Susan O’Neal, CEO, Dabbl, felt Walmart could prove to help vendors’ deal with Amazon. She wrote, “As long as they can provide the traffic to rival Amazon’s sales, suppliers who have seen a significant percentage of their volume move to Amazon have a great deal of reason to give Walmart a chance. The better Walmart gets at understanding and catering to small business and brand needs, the faster those premium sellers will move to Walmart and abandon Amazon to bots and resellers.”
Still, others on RetalWire felt the choice to sell on Walmart.com was up to each brand and agreed with outdoor stores in the risks of over-exposure.
Christopher P. Ramey, president, Affluent Insights & The Home Trust International, wrote, “Brands are defined by the brands with whom they’re associated. There is no platform that is appropriate for every brand.”
James Tenser, principal, VSN Strategies, said top brands that choose to withdraw from the big online marketplaces may leave an opening for mass market brands to step in. But he also recognized the image risks.
“There’s a natural tension between brands’ desire for wider distribution and specialty retailers’ desire to carry an assortment with brand cachet,” added Tenser. “Walmart has very vigorously stirred this pot.”
Ananda Chakravarty, a retail consultant and a former senior analyst at Forrester, said, “The question is unique to the brand opportunity and each vendor needs to figure this out for themselves. The benefits are clear: larger customer base, broader distribution and regulated control of their brand online (promised anyway).

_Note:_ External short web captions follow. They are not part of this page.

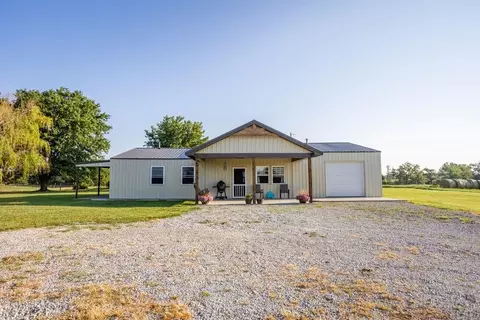 551 NW 10th Ln, Lamar, MO 64759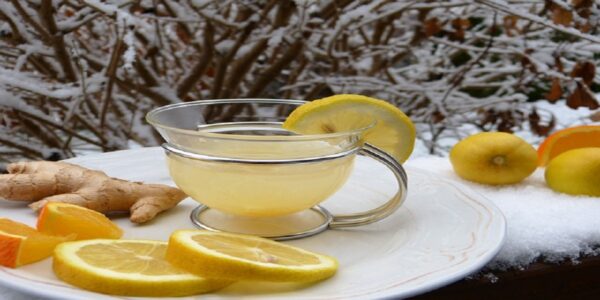 "Desintoxica tu Cuerpo con Piña y Jengibre: El Secreto para un Colon Limpio y una Digestión Saludable"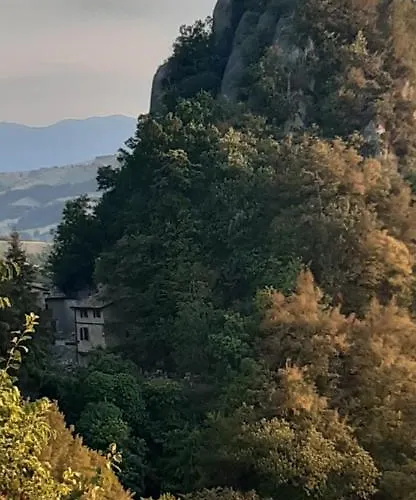 Borgo Dei Sassi Di Roccamalatina - And Breakfast Penzion 3*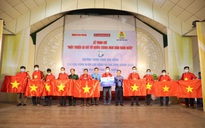 Trao cờ Tổ quốc cho ngư dân và 150 suất học bổng cho học sinh ở Tiền Giang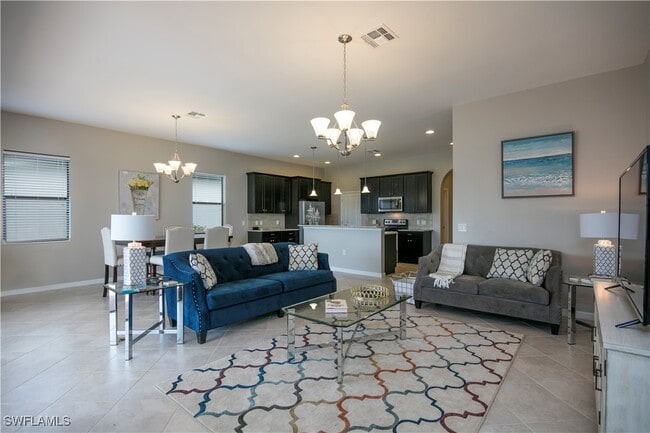 Building Photo - 1466 Artesia Dr W Rental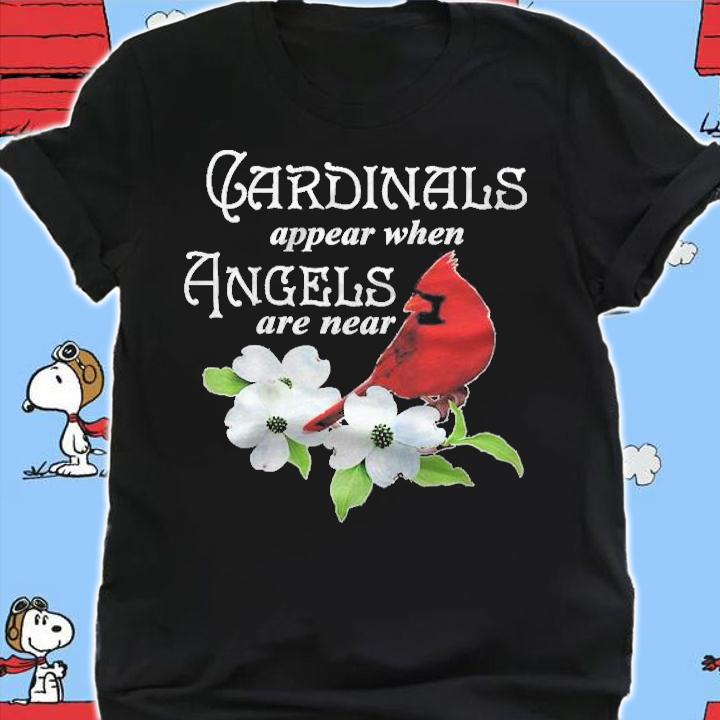 Cardinals Appear When Angels Are Near Bird Lover Gift Raglan Baseball T-shirt t-shirt shirt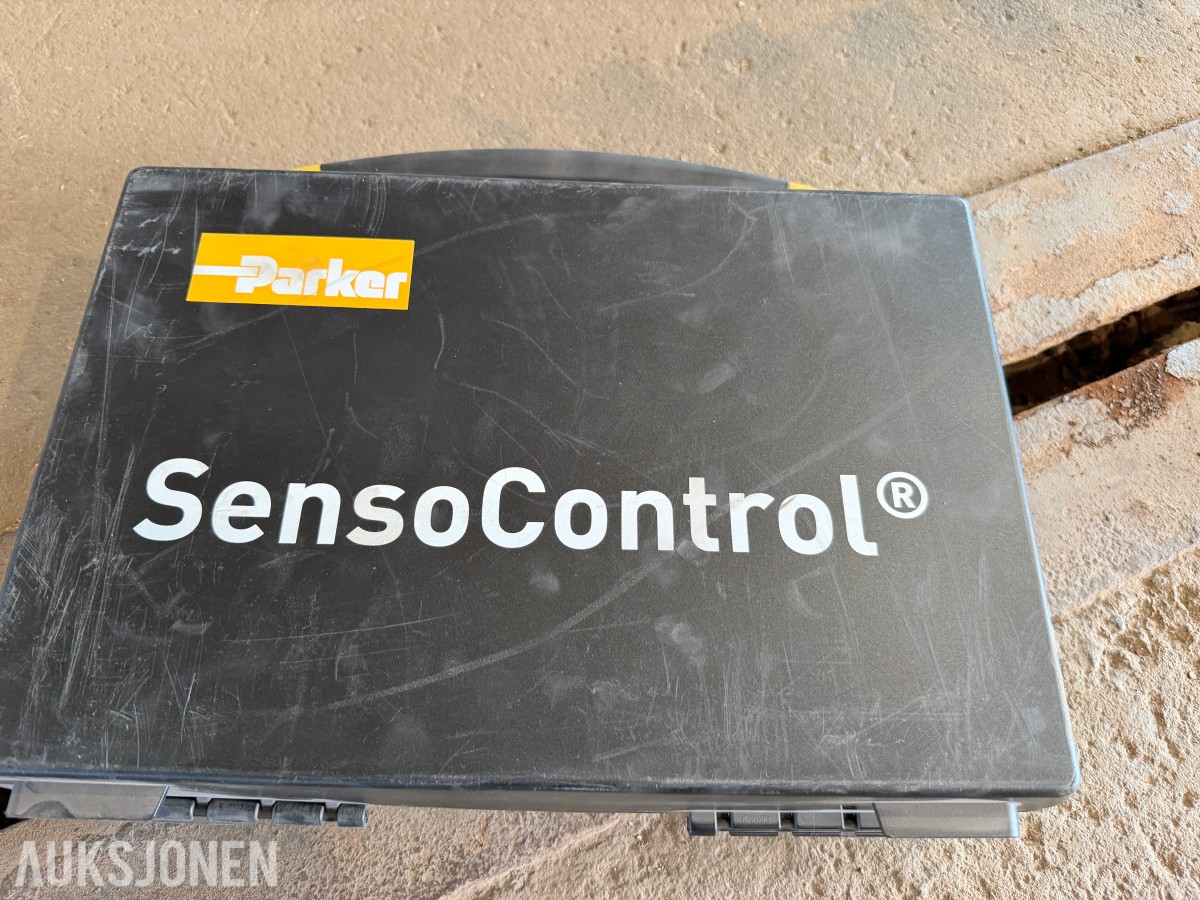 Parker SensoControl ServiceJunior digital trykkmåler med koffert og tilbehør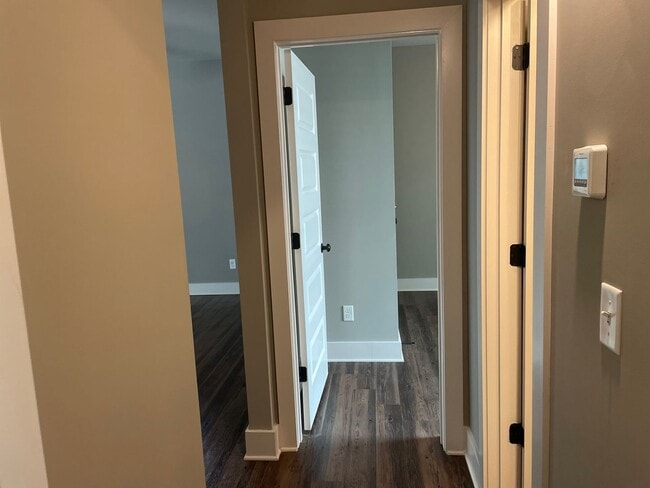 Building Photo - 3 Bedroom Home With Spacious Garage and Fenced Backyard!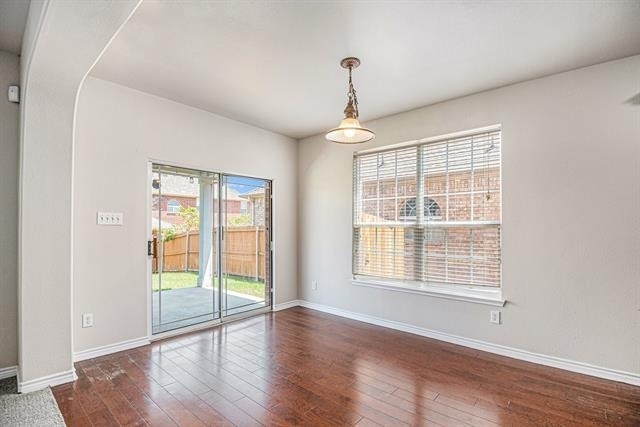 605 Port Royale Way - Photo 8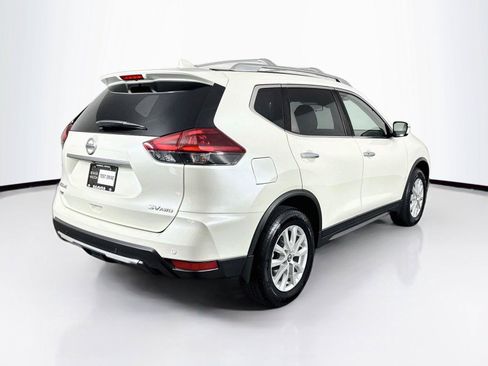 Used 2020 Nissan Rogue SV AWD/4WD image 2
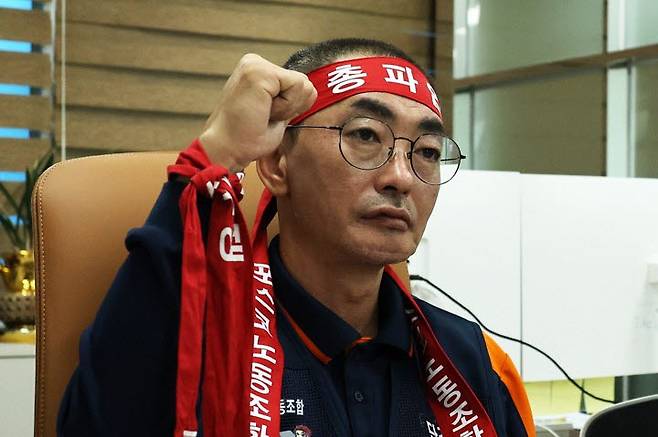 김성호 포스코 노동조합 위원장 9월 9일 경북 포항에 있는 포스코노조 사무실에서 기자회견하고 있다. (사진=연합뉴스)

The costs: brand dilution, distribution control, and different focus customers.”
Chakravarty added, “Vendors can build their own sites or work with larger, dedicated outdoor players like REI, Cabela’s and Camping World (who want to protect exclusivity of the “personal outfitter” brand). Regardless, the vendors need to find some way to be online.”
Eoin Comerford’s LinkedIn letter to the industry also drew a number of responses.
Kyle Frost, creative director at The Outbound Collective, wrote, “I tend to be with Moosejaw on this one. I think this situation highlights a lot of the hypocrisy within the industry about inclusion/access. There was a similar backlash by brands against Amazon in the ‘early days’ when they started making deals with retailers.”
Rob Coughlin, VP of sales and product development, Granite Gear, wrote, “While I agree with the assertions that our industry lacks diversity, asserting that WalMart is the answer is a tough sell.”